If you are using a traditional HDD disk whose input/output operations per second (IOPS) is very limited (about 100 IOPS, so parallel IO perhaps have no use because the total IOPS is just about 100), the most straightforward way, is likely to just upgrade to NVME SSD whose IOPS is usually 100000 IOPS or more. You can compare the performance of HDD and NVME SSD for your data.
If you are already using NVME SSD, I guess it is likely you will be benefit from parallel IO. Perhaps need to do some test.

HPC clusters can also be bottlenecked by its network speed. So perhaps you can do this benchmark on your local PC, if it took 8s with 1 core, and 1 seconds with 8 cores on your local PC, then the parallel IO works fine. In such case, the bottleneck can be the HPC cluster’s network.

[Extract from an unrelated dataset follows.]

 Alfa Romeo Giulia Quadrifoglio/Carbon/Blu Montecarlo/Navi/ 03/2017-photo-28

The basic reason why parallel I/Os make little sense on a HDD is that the way the data are read/written from/to the disk is not parallel at all. There is usually only one arm that helds the read/write heads, and the arm cannot be at two locations at the same time.

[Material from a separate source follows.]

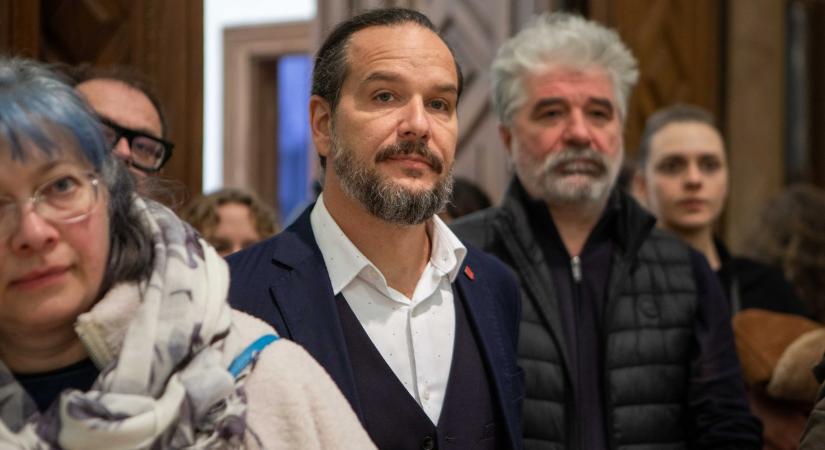 Bizalmi szavazást kért maga ellen a Képzőművészeti kancellárja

Still, it can be faster as long as the write cache (either in RAM or on the disk itself) is not full. That is for a limited volume of data (unless you have a huge amount of RAM that is usable by the cache).

We’re still talking about a supercomputer… It has a storage cluster attached, which is way faster than a single HDD or even SSD. In my benchmark with 8 GB of data I reached way over 12 GB/s (using two nodes).
The support of the super computer said, the storage is so fast, it shouldn’t be the bottleneck. But the network actually could be the bottleneck, which is 100 GBit/s per Node.

is binary data output an option?
EDIT: should’ve looked up netcdf/hdf file formats before asking

netCDF is a binary file format, so yes, it isn’t only an option, we are already using it.